The value of an Entitled Executive’s Award Units shall be equal to the sum of the values of the Entitled Executive’s Corporate TSR Award Units and Index TSR Award Units, as follows:

 

  (a) Corporate TSR Award Units

The value of an Entitled Executive’s Corporate TSR Award Units shall be equal to:

 

  (i) the number of Corporate TSR Award Units granted to the Entitled Executive, subject to the reduction or forfeiture of units described in Section 6.03, if applicable

MULTIPLIED BY

 

  (ii) the Corporate TSR Vested Percentage

MULTIPLIED BY

 

  (iii) PCS Inc. Closing Share Price, subject, however, to a maximum value of four times the PCS Inc. Opening Share Price

 

  (b) Index TSR Award Units

The values of an Entitled Executive’s Index TSR Award Units shall be equal to:

 

  (i) the number of Index TSR Award Units granted to the Entitled Executive, subject to the reduction or forfeiture of units described in Section 6.03, if applicable

MULTIPLIED BY

 

  (ii) the Index TSR Vested Percentage

MULTIPLIED BY

 

  (iii) the PCS Inc.
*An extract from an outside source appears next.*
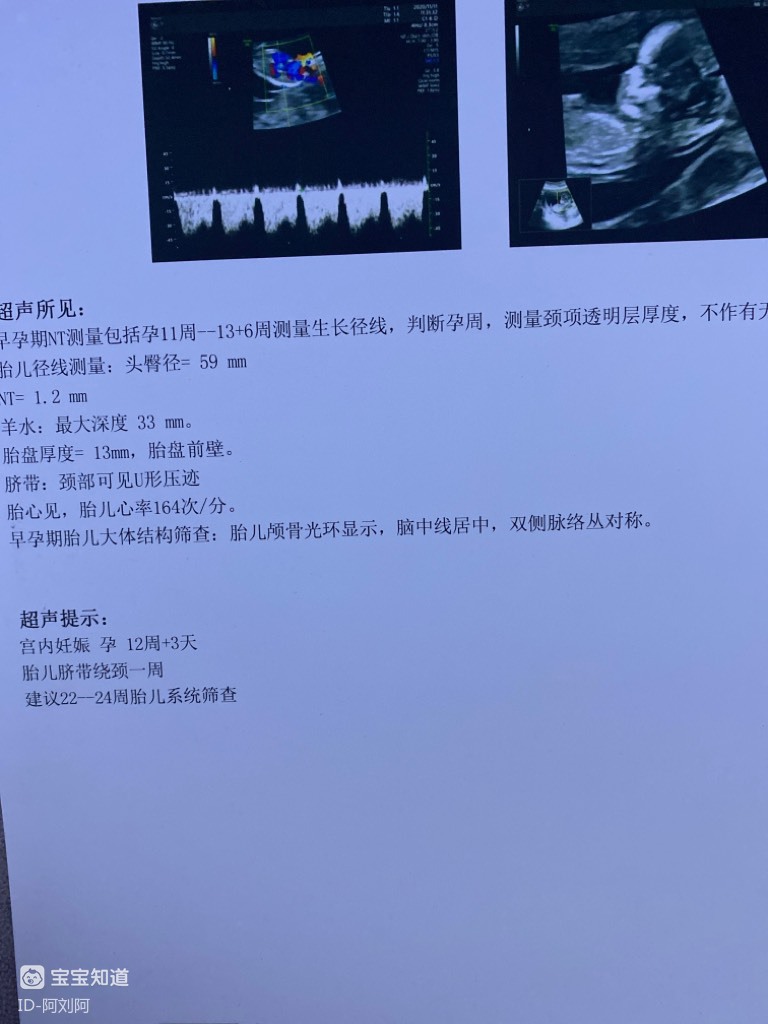 12周做nt发现脐带绕颈一周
Closing Share Price, subject, however, to a maximum value of four times the PCS Inc. Opening Share Price

 

6.03 Early Redemption Date

 

  (a) Retirement, Permanent Disability, Death or Involuntary Termination Without Just Cause

In the event an Entitled Executive retires, becomes Permanently Disabled or dies prior to the end of the Performance Cycle or in the event the Entitled Executive’s employment is involuntarily terminated by the Corporation without Just Cause, the number of Award Units allocated to the Entitled Executive pursuant to Section 4 Allocation of Award Units shall be reduced such that the calculation of years and completed months of participation as described in paragraph (b) of Section 4.01 Allocation shall end as of the date of the Entitled Executive’s retirement, Permanent Disability, death or involuntary termination, as the case may be.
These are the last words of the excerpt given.